Dono de uma profunda e humana trajetória, que o levou a ocupar
as posições mais destacadas, plenas do sábio
conteúdo que soube transmitir em cada uma de suas ações
– e continua transmitindo – através da melhor
maneira: a do exemplo diário e permanente. Obrigado, Yolanda
e Archimedes, por terem aceitado o nosso oferecimento, uma das melhores
recordações de minha vida rotária.
Sucesso
e despedida
Seria redundância referir-me ao programa
do Instituto de Atibaia (e à sua transcendência) como
mais um de seus aspectos importantes. Durante o evento, tivemos
inclusive a realização do III Encontro de Rotarianos
de Países de Língua Portuguesa, cuja cobertura a Brasil
Rotário, valendo-se de seu reconhecido profissionalismo,
vem publicando desde a edição passada em generosos
e amplos artigos. Gostaria, sim, de dizer que em suas deliberações
foram dados passos importantes nesta cruzada que, empreendida e
– tão ou mais importante – compreendida por todos,
nos permitirá melhorar a qualidade de vida de nossos semelhantes
em aspectos tão básicos e essenciais como o das Novas
Gerações, da família, da saúde, da fome,
do aproveitamento racional dos recursos hídricos e do desafio
da alfabetização, tão importante no mundo atual.
Estou certo que soubemos mostrar o caminho mediante
o oferecimento de nossas vontades para que, a partir delas, nasçam
muitas outras neste universo rotário a que aspiramos, permitindo-nos
viver em paz como conseqüência de uma infância
saudável de corpo e alma e de uma humanidade sem fome e livre
de outras carências para viver uma vida digna, como merecem
os filhos de Deus nesta terra.
Muito obrigado, Atibaia, digo no título
desta coluna, e volto a repetir agora, não apenas pelo fato
de a cidade ter acolhido um Instituto que será recordado
por seu conteúdo e suas conseqüências, mas também
– e esta é uma confissão que vem do mais íntimo
dos meus sentimentos – por haver permitido que eu me despeça
como diretor convocador com um grande sucesso. Os próximos
Institutos terão outros convocadores, e meu amigo Themístocles
A. C. Pinho, na qualidade de meu sucessor imediato, superará
as minhas convocações de Cuiabá e Atibaia.

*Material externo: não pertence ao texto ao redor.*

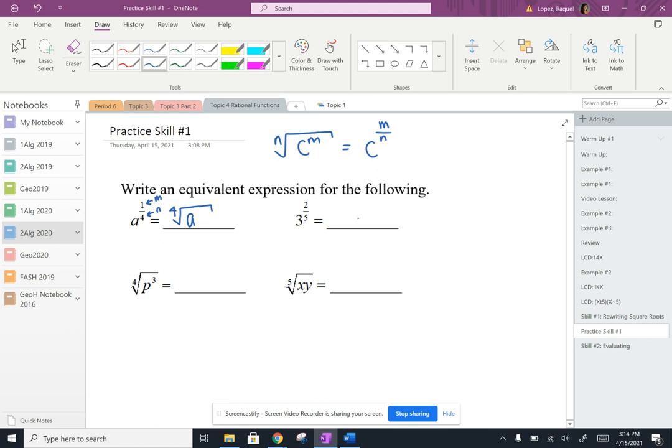Okay, let's go over number 3. So we're going to put 3 underneath our radical. 2 is in place of M, so we're going to put 3 squared. And then 5 is our index, so we're going to put 5 out here. So we're taking the fifth root of 3 squared.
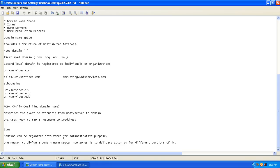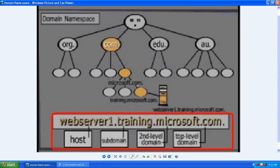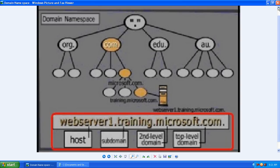Domains can be organized into zones for administrative purposes. One reason to divide a domain namespace into zones is to delegate authority for different portions of it. For example, training dot Microsoft dot com can be one zone and sales dot Microsoft dot com a separate zone, delegating authority and making administration easier. We will go ahead and understand zones in detail in our next session. Thank you for viewing.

E isso é o que desejo, porque tanto Gilda quanto ele o merecem,
assim como o rotarismo do Brasil.
Agradecimentos
Uma cota de saudável egoísmo me
permite dizer que existe algo que ninguém conseguirá
superar. Estou falando da magnitude dos agradecimentos que Lilia
e eu, como argentinos, fazemos aos rotarianos brasileiros diante
do apoio e do carinho com que fomos brindados sempre que comparecemos
a reuniões, seminários ou outras convocações,
fazendo-nos sentir como se fôssemos alguns de vocês
e integrando-nos à Família Rotária do Brasil
– assim mesmo, com letras maiúsculas.
Mais uma vez, muito obrigado, Atibaia –
e que essa experiência seja superada por Belém, anfitriã
do próximo Instituto, e assim sucessivamente. Esses são
desejos que nascem na parte mais profunda dos meus sentimentos,
porque tais êxitos futuros também serão meus,
a partir do momento em que foram vocês que permitiram a existência
de um caminho comum em nossas vidas.
Para
nossa meditação
Certo dia, os deuses decidiram criar o universo.
Fizeram mares, montanhas, flores e nuvens. Logo em seguida, os deuses
criaram os seres humanos e, finalmente, a verdade. Com o desejo
de prolongar a aventura da busca, surgiu um problema: onde os deuses
iriam esconder a verdade para que os seres humanos não a
encontrassem de imediato?
“Vamos colocá-la no alto de uma montanha”,
disse um deles. “Será difícil encontrá-la
nesse lugar”. Em seguida, foi sugerido: “Vamos colocá-la
na estrela mais distante!” Os deuses ainda pensaram em esconder
a verdade no abismo mais escuro e profundo, ou no lado escuro da
lua.
As opiniões continuaram sendo dadas, até
que finalmente o mais sábio e idoso deles disse: “Nada
disso: vamos esconder a verdade dentro do coração
dos homens. Assim, eles irão buscá-la por todo o universo,
sem se dar conta de que a têm todo o tempo dentro de si mesmos”.